### [EXERCISE AIM]
Every line from the first one in the data below through the line holding "Buck Stove 384" is to be written out exactly, with the pictures omitted.

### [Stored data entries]

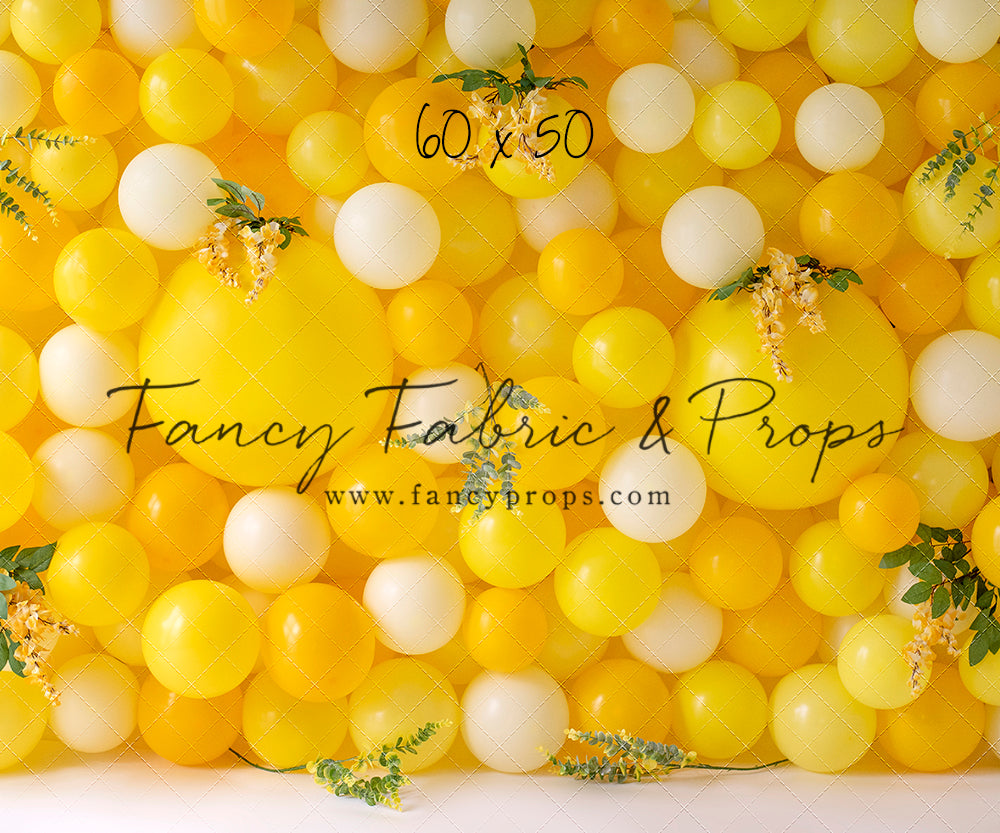 Golden Summer Balloon Wall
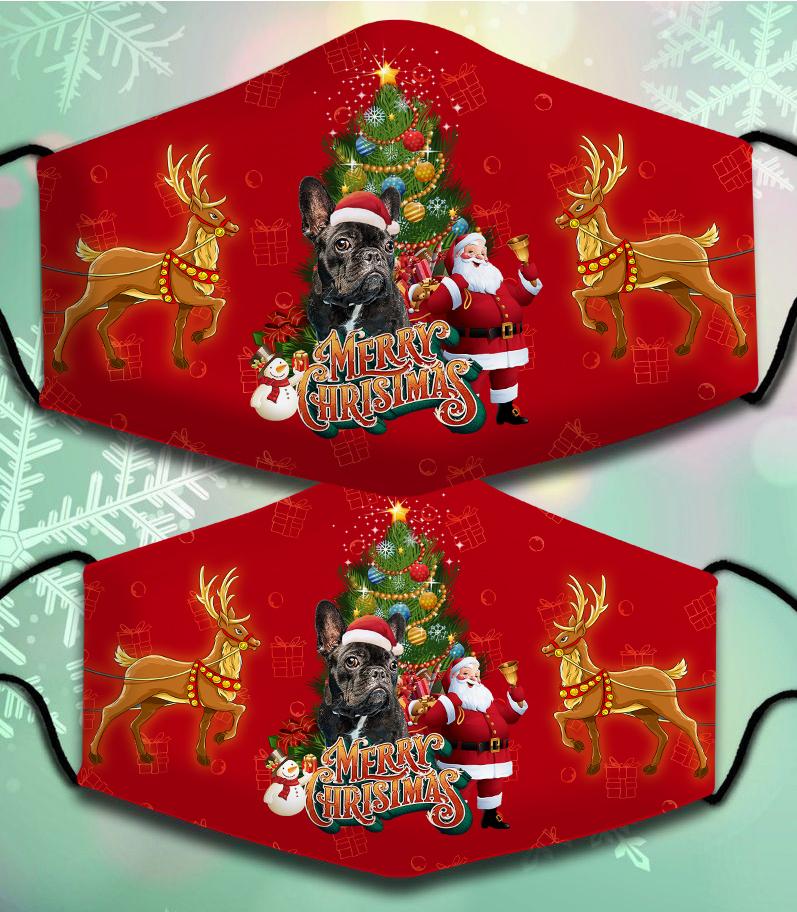 French Bulldog 18-Santa Claus&Dog-Veil
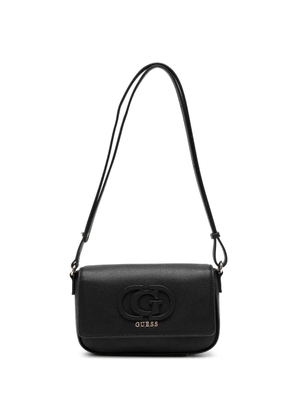 GUESS USA Isola embossed logo shoulder bag - Black
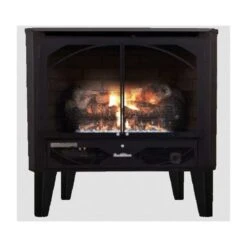 Buck Stove 384 Ventless Gas Fireplace ZC With Blower Natural Gas -Fire Place Store black satin buck stove gas fireplaces nv 3844nat doors 4f 1000
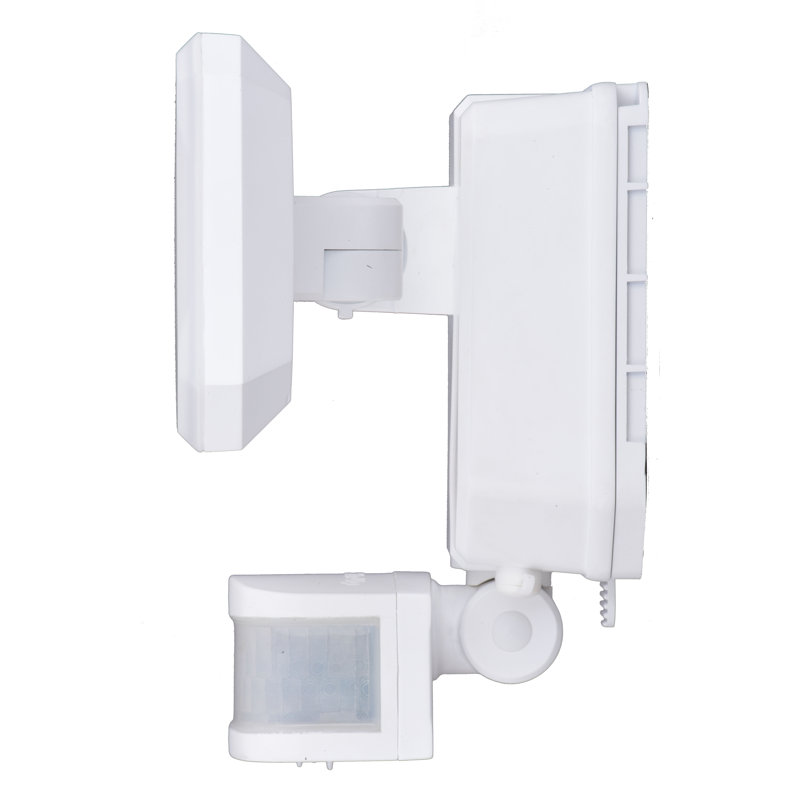Dualux 2 - Head LED Battery Powered Dusk to Dawn Outdoor Security Area Light with Motion Sensor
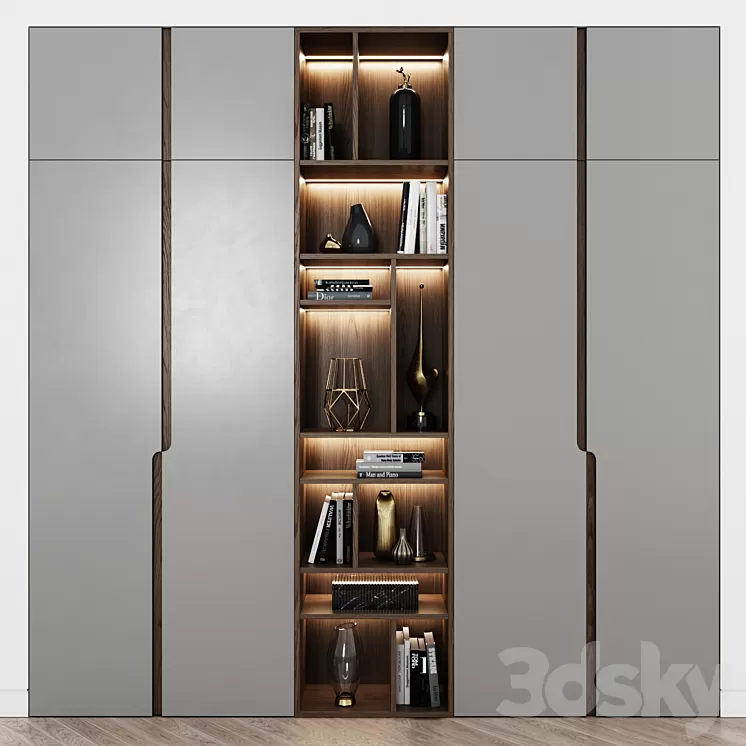 Contemporary wardrobes 12 3D Model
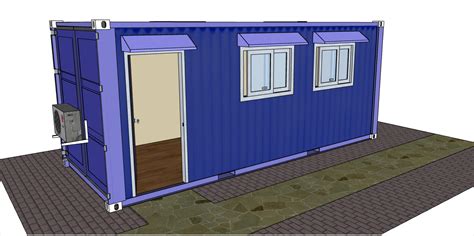 3d Design Of Office Container Dwg File Cadbull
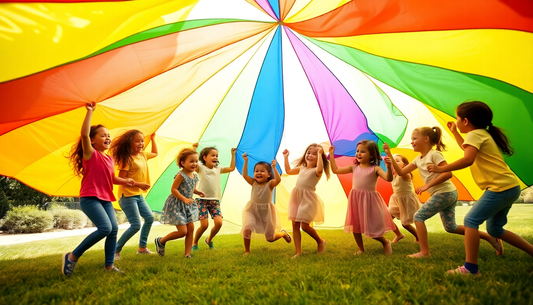 Unleash the Rainbow: Discover the Joy of the Rainbow Parachute Game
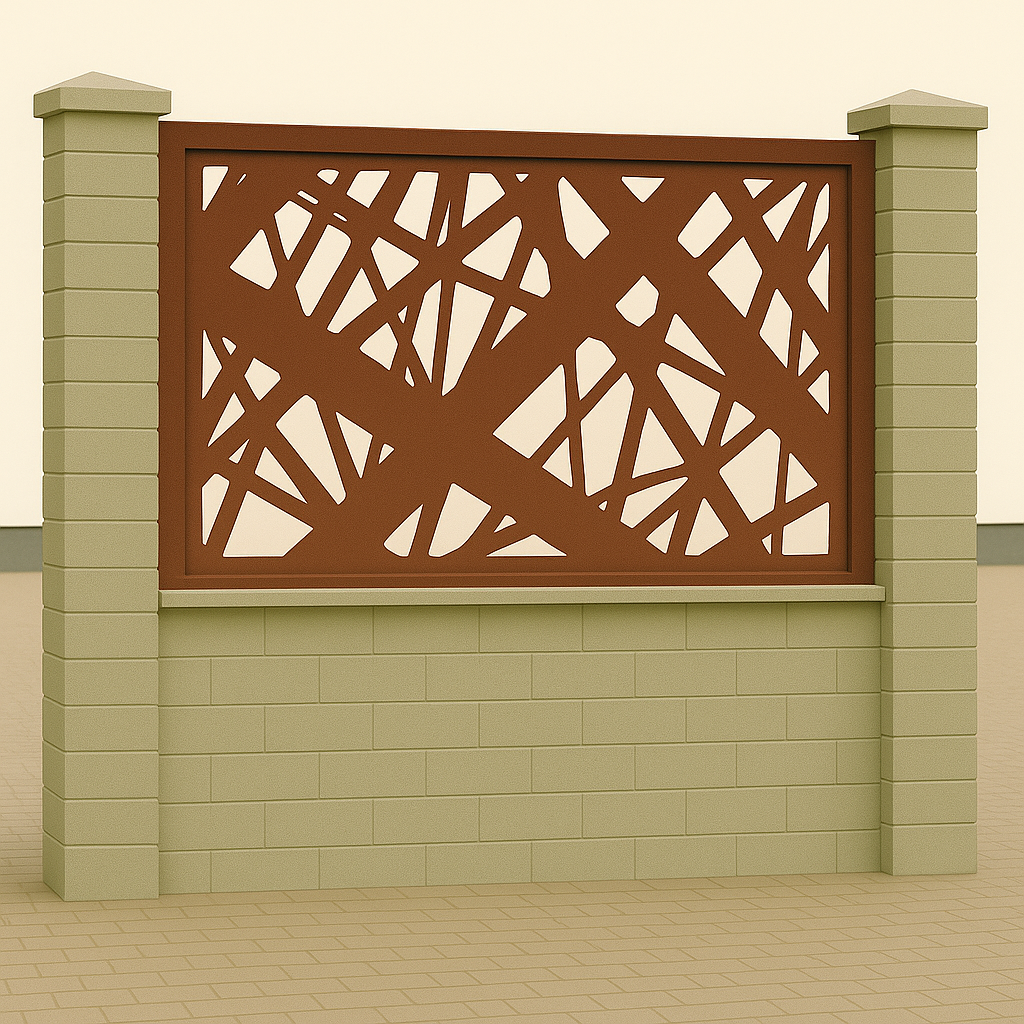 Kerítés betét/korlát lemez - Absztrakt minta 1.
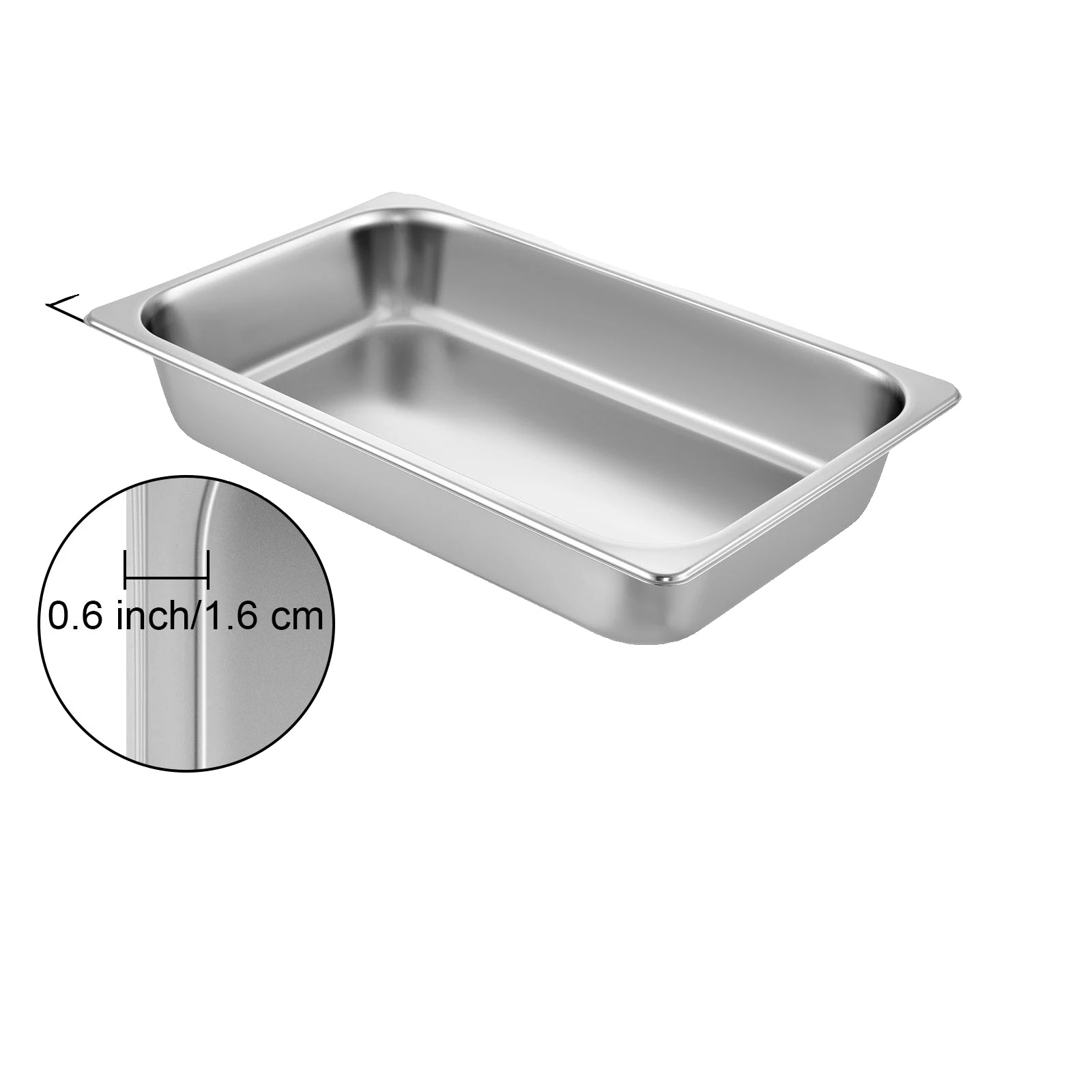 Flache Tabletts Aus Robustem Aluminium, Vielseitig Einsetzbar Zum Kochen Und Servieren, 55,6 X 40,1 X 7,6 Cm, 32 Stück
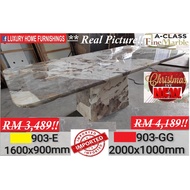 6.6ft x 3.3ft Rectangle MARBLE DINING TABLE, M -903 GG, * Also  AVAILABLE IN 5.3ft X 3ft Imported. R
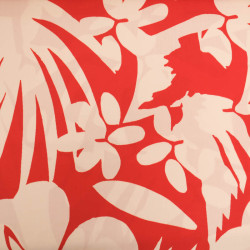 Viscose Hawaï Brique et Crème - Maison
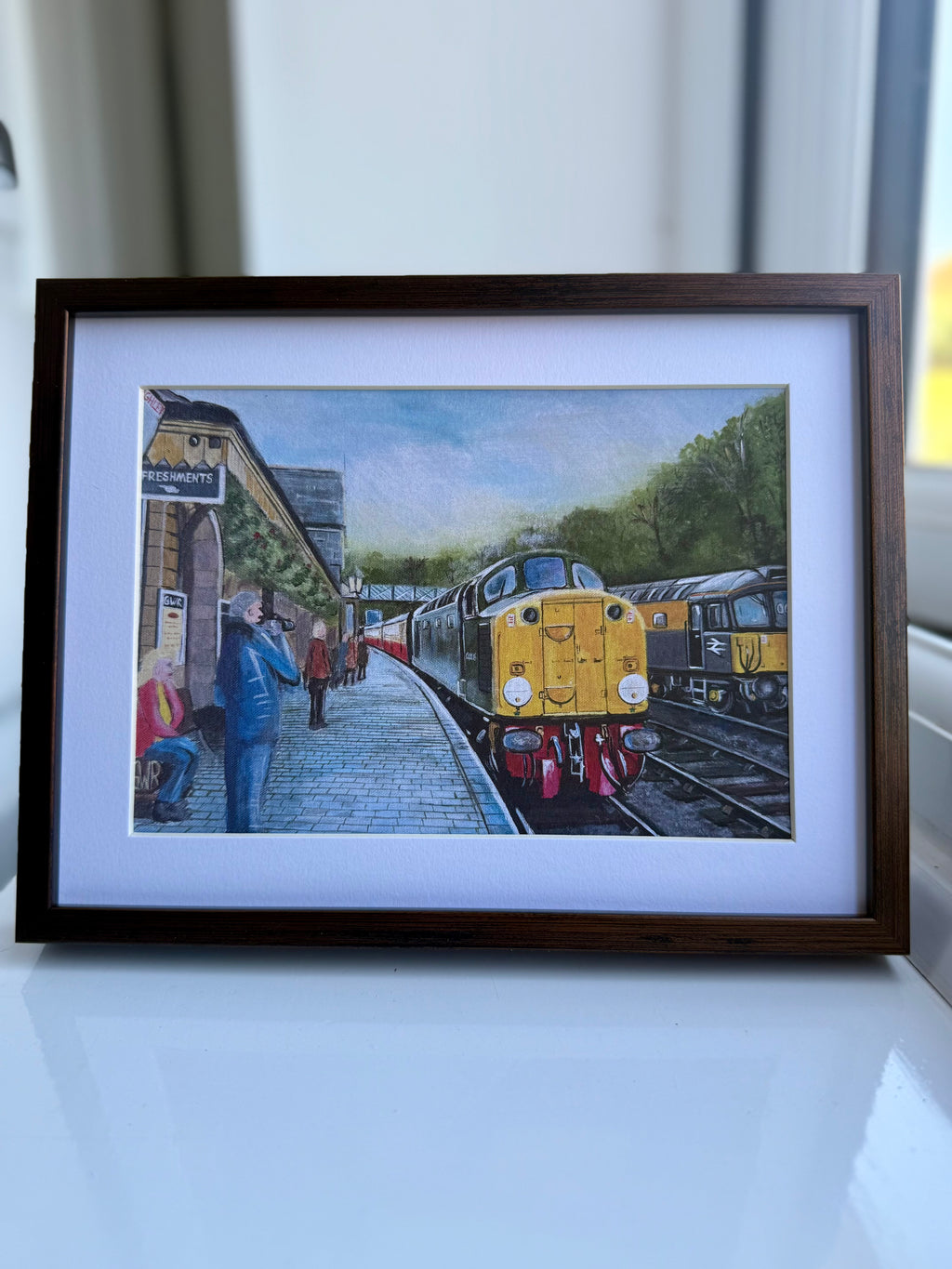 Framed Postcard - Class 40 '40106' at Highley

### [RESPONSE AREA]
 Golden Summer Balloon Wall
 French Bulldog 18-Santa Claus&Dog-Veil
 GUESS USA Isola embossed logo shoulder bag - Black
 Buck Stove 384 Ventless Gas Fireplace ZC With Blower Natural Gas -Fire Place Store black satin buck stove gas fireplaces nv 3844nat doors 4f 1000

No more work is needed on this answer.